We propose a 5-Part VLAN structure for the primary OZM rack:

  1. VLAN 10: CORE (Management & Infrastructure)

    • Purpose: Switch management, Router interface, DNS/DHCP servers (Pi-hole/AdGuard), Critical uplinks.
    • Access: Strictly limited to Admin devices. No direct internet access for clients.
    • Devices: Managed Switches, Router (e.g., UniFi/MikroTik), NAS (Admin interface).

  2. VLAN 20: COMPUTE (AI & heavy lifting)

    • Purpose: The "Engine Room". High-bandwidth internal traffic.
    • Devices: Raspberry Pi Clusters, Jetson Orin nodes, specialized AI accelerators.
    • Access: Can talk to CORE (limited ports) and IoT. Isolated from Guest WiFi.

  3. VLAN 30: IoT / ESP (The "Nervous System")

    • Purpose: Connecting sensors, actuators, and microcontrollers.
    • Devices: ESP32s, Arduino nodes, LED controllers, Environmental sensors.
    • Security: Strictly no internet access. Local MQTT only.

  4. VLAN 40: KRÜMEL WIFI (The "Playground")

    • Purpose: User/Guest interaction.
    • Devices: Tablets, Phones, Laptops of visitors/crew.
    • Access: Internet (filtered/monitored), specific portals to COMPUTE services (e.g., Web UIs). Client Isolation enabled.

  5. VLAN 50: ADMIN / DEV

    • Purpose: Development and maintenance access.
    • Devices: Crew laptops, Dev workstations.
    • Access: Full access to all VLANs (gatekept via firewall rules).

IP Addressing Strategy

We will use the 10.10.x.x private range to avoid conflicts with common home routers (192.168.x.x).

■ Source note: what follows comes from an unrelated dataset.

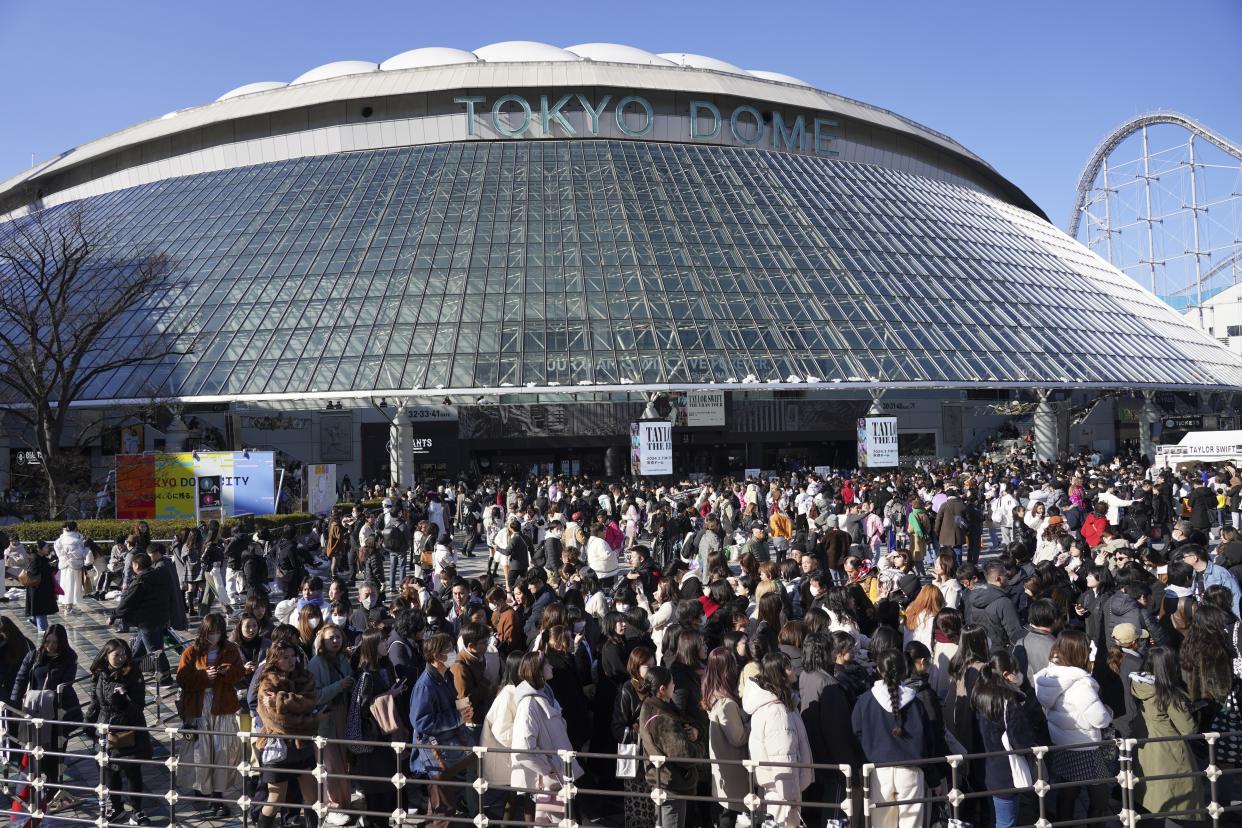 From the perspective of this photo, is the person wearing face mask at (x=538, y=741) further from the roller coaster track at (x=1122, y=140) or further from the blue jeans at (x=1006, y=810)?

Subnetting (Class A Private)

  • Base: 10.10.0.0/16 (Entire OZM Site)
VLAN Name Subnet (CIDR) Range Gateway Note
10 CORE 10.10.10.0/24 10.10.10.1 - .254 .1 Infrastructure
20 COMPUTE 10.10.20.0/24 10.10.20.1 - .254 .1 AI Nodes
30 IoT 10.10.30.0/24 10.10.30.1 - .254 .1 Sensors/ESPs
40 KRÜMEL 10.10.40.0/23 10.10.40.1 - .41.254 .1 Larger range for guests (510 hosts)
50 ADMIN 10.10.50.0/28 10.10.50.1 - .14 .1 Small, specific group

(Note: We use /24 generally for simplicity, but /23 for guest WiFi to accommodate many ephemeral devices. Admin is /28 to limit scope.)

Hardware Requirements

  • Router/Firewall: Must support VLAN tagging (802.1Q) and inter-VLAN routing rules.
    • Recommendation: UniFi Dream Machine Pro / SE or MikroTik RB5009.
  • Switch: Managed PoE Switch.
    • Recommendation: UniFi Switch Pro 24 PoE or similar.
  • Access Points: VLAN-aware APs.
    • Recommendation: UniFi U6 Pro / Enterprise.

Governance & Security Rules

  1. Deny by Default: Inter-VLAN traffic is blocked unless explicitly allowed.
  2. mDNS Reflector: Required to discovering services (like AirPlay/Chromecast) across VLANs if needed (careful with scope).
  3. Port Security: Unused physical ports on switches should be disabled or assigned to a "Dead" VLAN (e.g., 666).